While the instrument relies on powers contained within the Energy Act 2004, parts of the 2007 order were previously amended by instruments made under Section 2(2) of the European Communities Act 1972. Accordingly, Schedule 8 to the European Union (Withdrawal) Act 2018 applies. The Secondary Legislation Scrutiny Committee’s report of 25 November acknowledges that the committee has no specific comments on the instrument and notes that during the enhanced scrutiny process, and in response to industry comments, the instrument has been somewhat amended and improved. The instrument was also considered by the Joint Committee on Statutory Instruments on 17 November, and that committee identified no matters requiring report.

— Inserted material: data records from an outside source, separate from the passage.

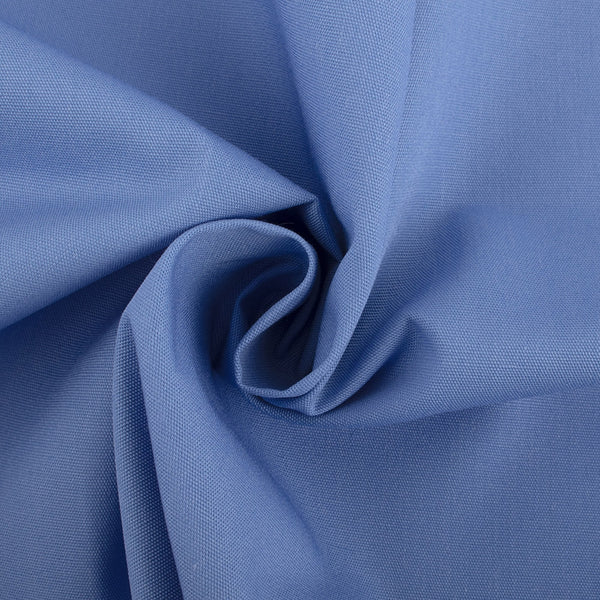 Popeline de polyester et coton - Bleu moyen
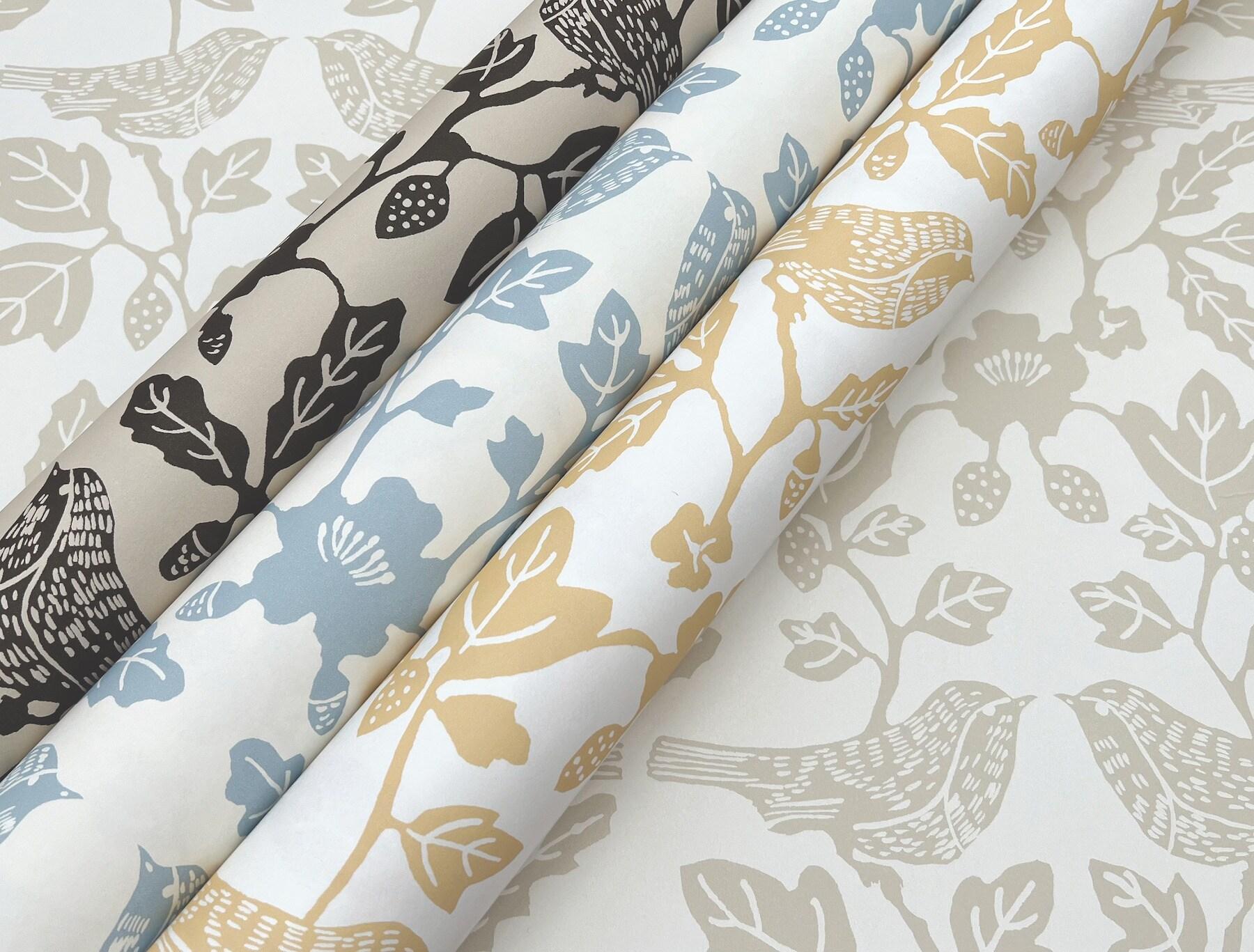 Sparrow and Oak Peel + Stick Wallpaper by Erin & Ben Co. - Blue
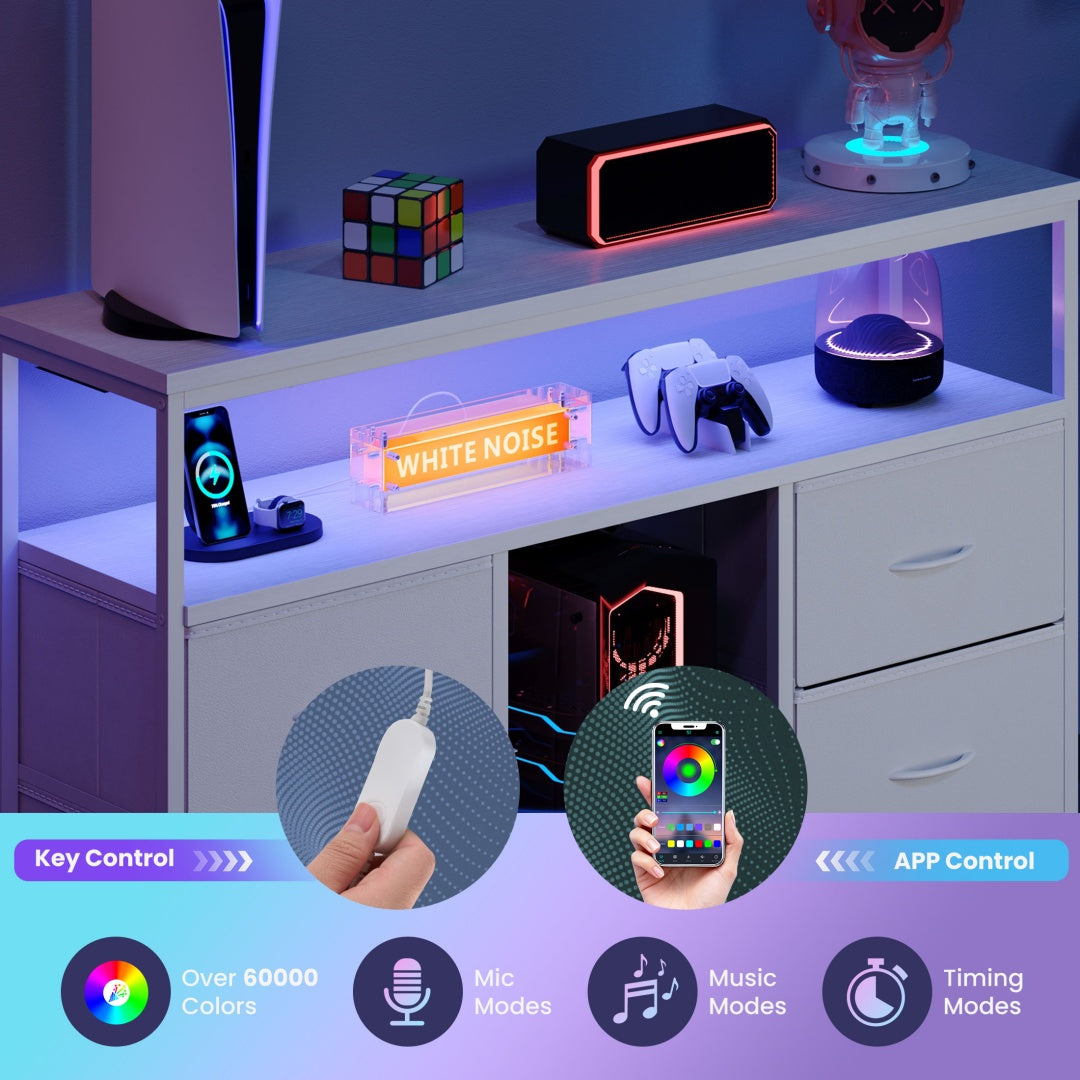 TV Stand, 4 Drawers, With LED Lights And Power Sockets, 50-inch TV Living Room Furniture, With Open Shelves And Adjustable Feet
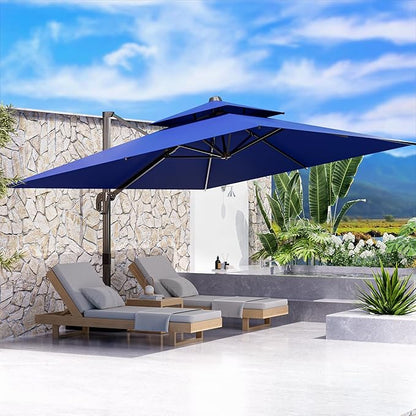 10' X 13' Outdoor Patio Umbrella Large Rectangle Cantilever Umbrella Heavy Duty 360°Rotation Offset Umbrella for Garden Deck Pool Patio,Navy Blue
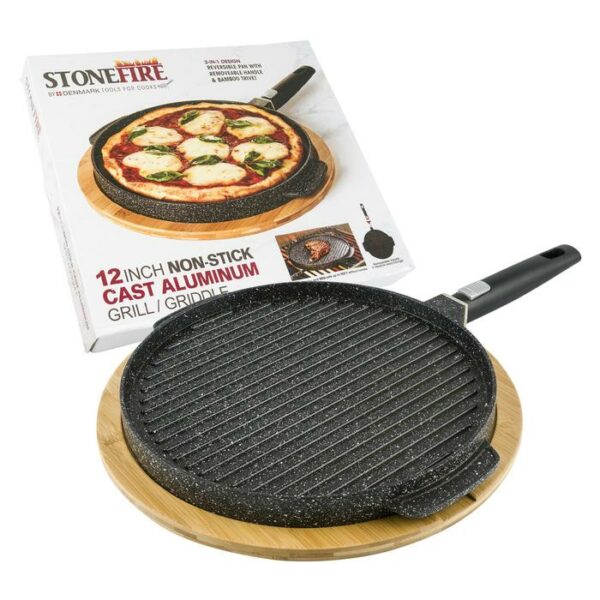 12" Cast Aluminum Reversible Griddle With Bambo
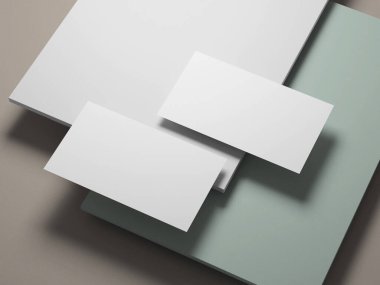 Modern ve minimalist bir tasarım içeren beyaz ve pastel katmanlara yerleştirilmiş şık bir kartvizit..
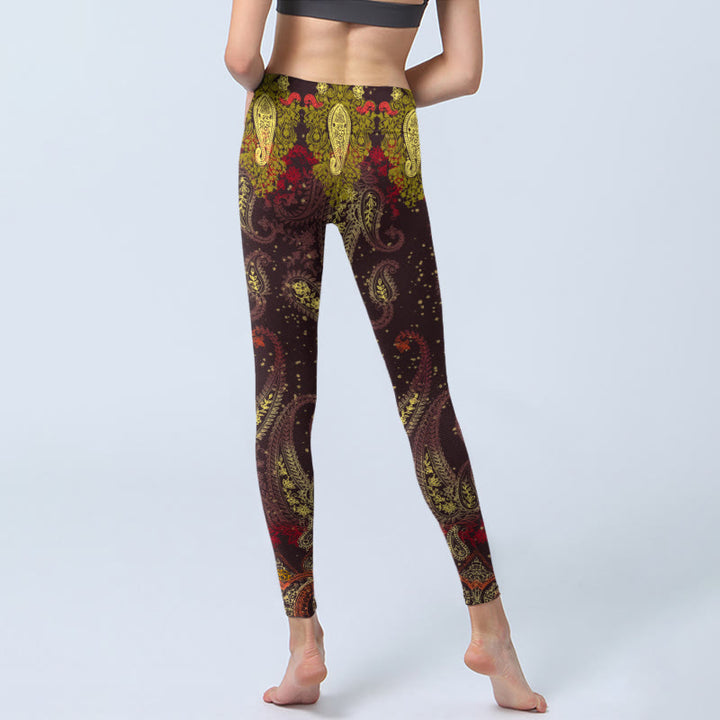Leggings da palestra con stampa di fiori di anacardi e Buddha Stones, pantaloni da yoga da donna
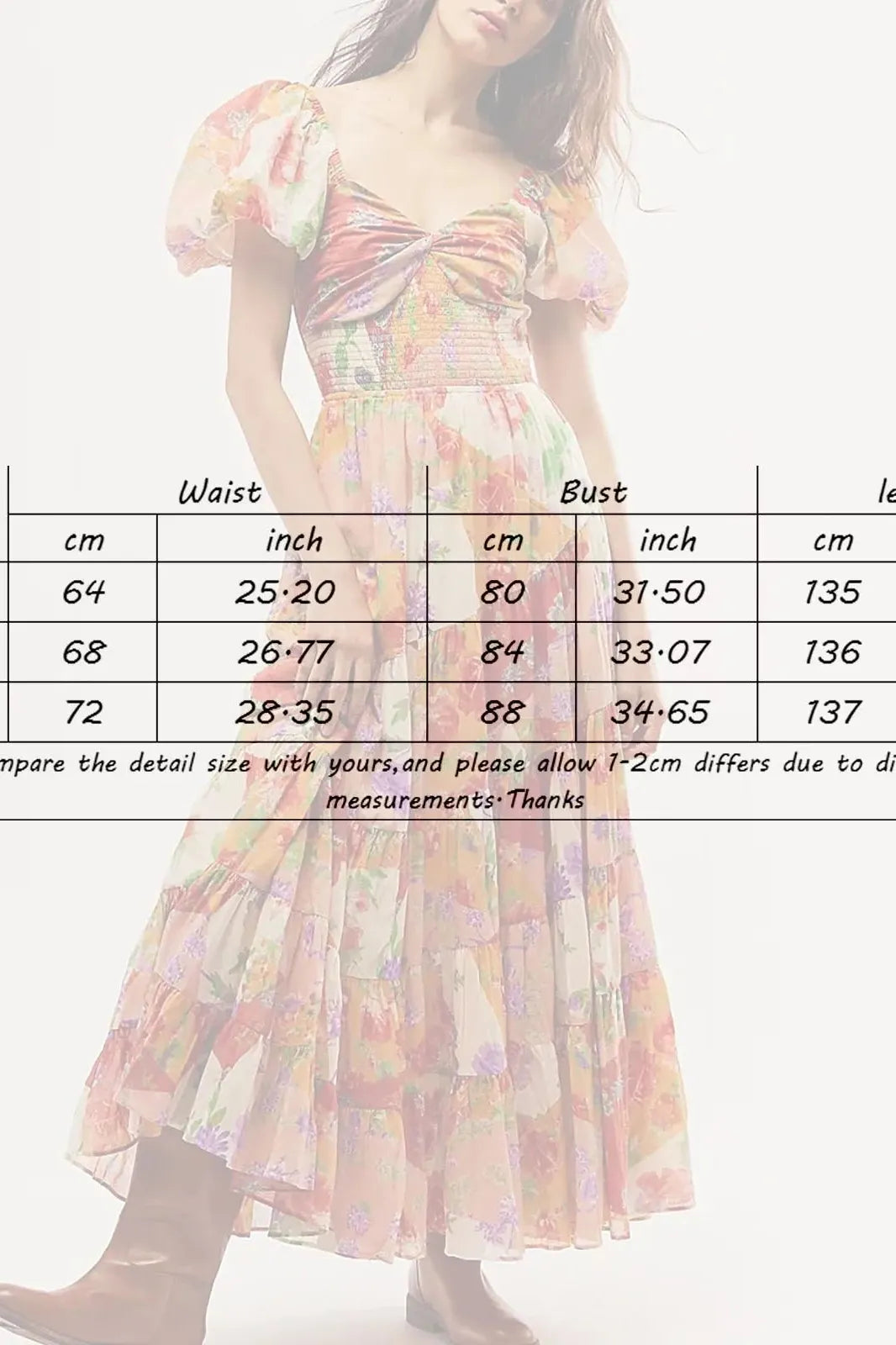 Patchwork V-Neck A-Line Maxi Dress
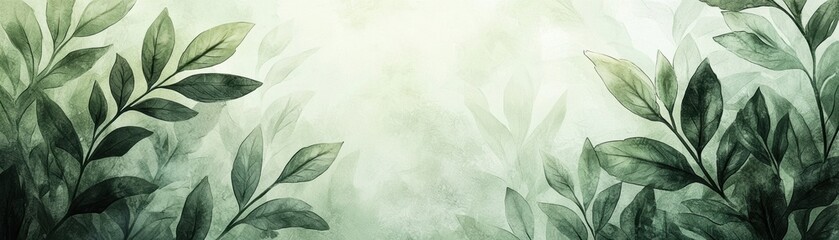 Poster - A serene, soft green background featuring delicate leaves, perfect for evoking nature-inspired themes in design and art.
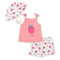 Baby Girls Suit Set Sando Shirt with Shorts and Hat Pink & White Strawberry
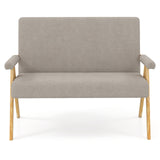 Loveseat Sofa with Armrests and Wooden Legs
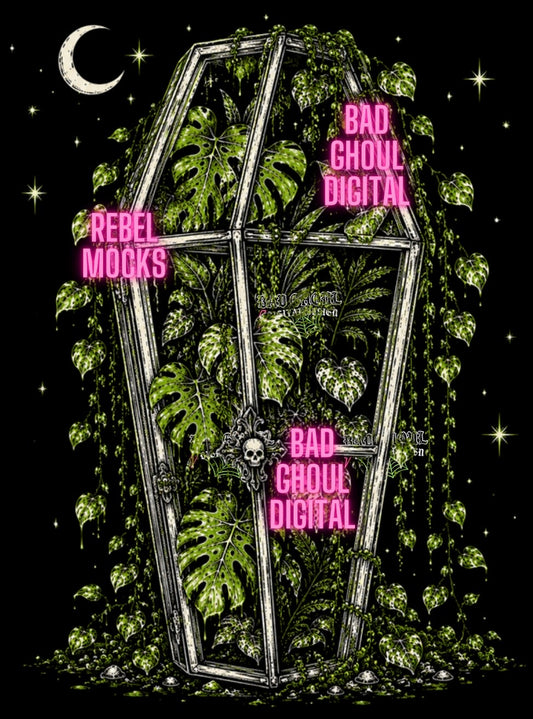 Coffin Plants| Black Fabric|PNG DOWNLOAD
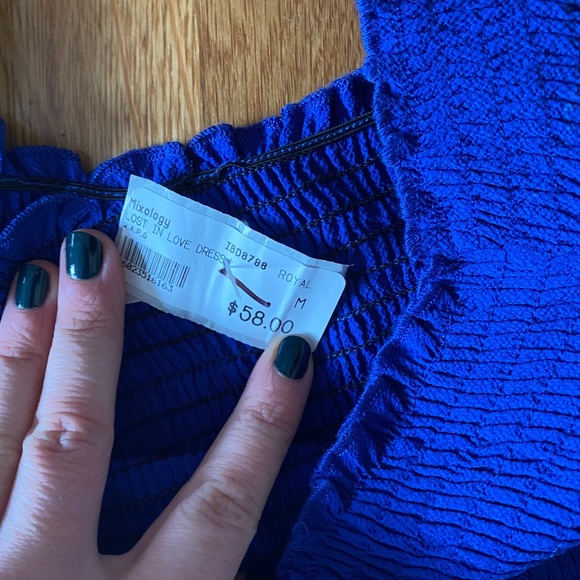 Blue Rouched Bodycon Dress - Picture 2 of 3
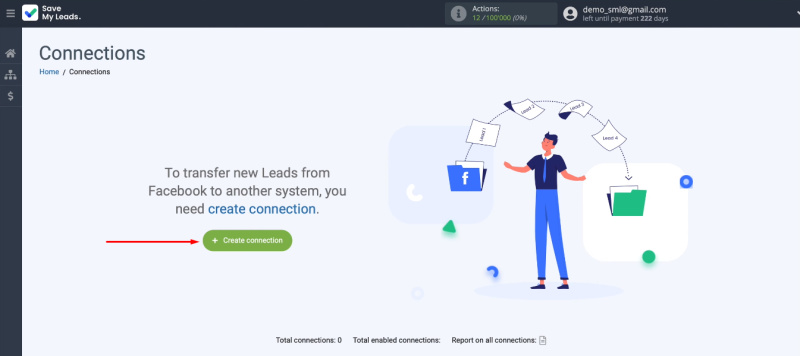 Facebook and MSG91 integration | Create connection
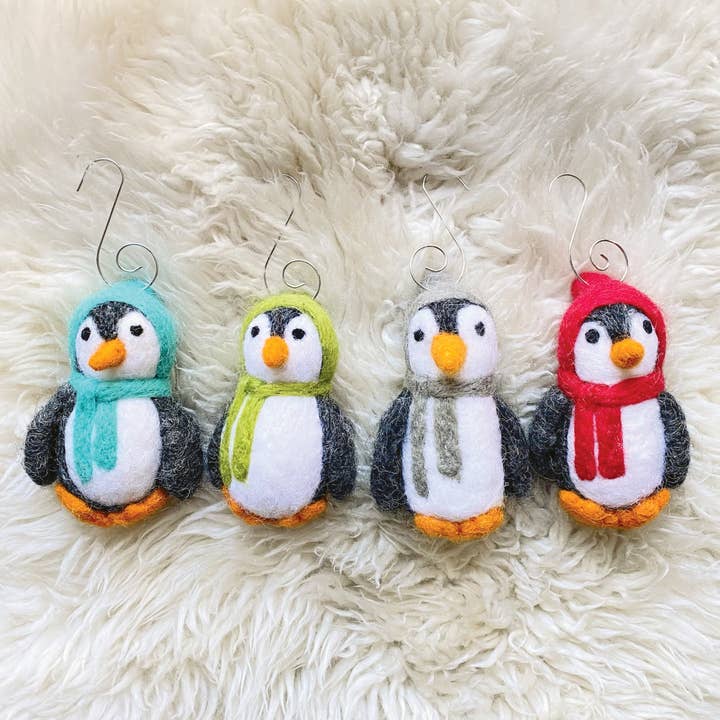 Sheep Farm Felt - Wholesale Ornament - Felt Penguin Ornaments | 1 or Set of 4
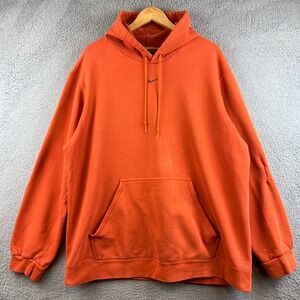 VTG Nike Center Swoosh Hoodie Mens XL Orange Pullover Fleece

The RTFO scheme, changed by this instrument, promotes a market for renewable fuels used in transport. The scheme places obligations on larger suppliers of fossil fuel to ensure the supply of renewable fuels which reduce carbon emissions. These obligations are calculated as a percentage of the volume of fossil fuel supplied over a calendar year. They are met by acquiring certificates which are issued for the supply of sustainable renewable fuels. The trade of these certificates provides a revenue stream for suppliers of renewable fuels.

This instrument delivers several commitments made in our transport decarbonisation plan to upgrade the RTFO. It increases the main RTFO obligation level from 9.6% to 14.6% by 2032, continuing at that level in subsequent years, with 1.5% of this RTFO target increase being made in 2022, to maximise the carbon savings from the introduction of greener E10 petrol this September. The instrument also improves RTFO support for suppliers of renewable hydrogen by extending certificate eligibility to renewable hydrogen used in maritime vessels, and in fuel cell-powered rail and non-road vehicles. As targets for the supply of renewable vehicles increase and new end uses are included in the RTFO, the instrument strengthens the sustainability and greenhouse gas emissions savings criteria that renewable fuels must meet.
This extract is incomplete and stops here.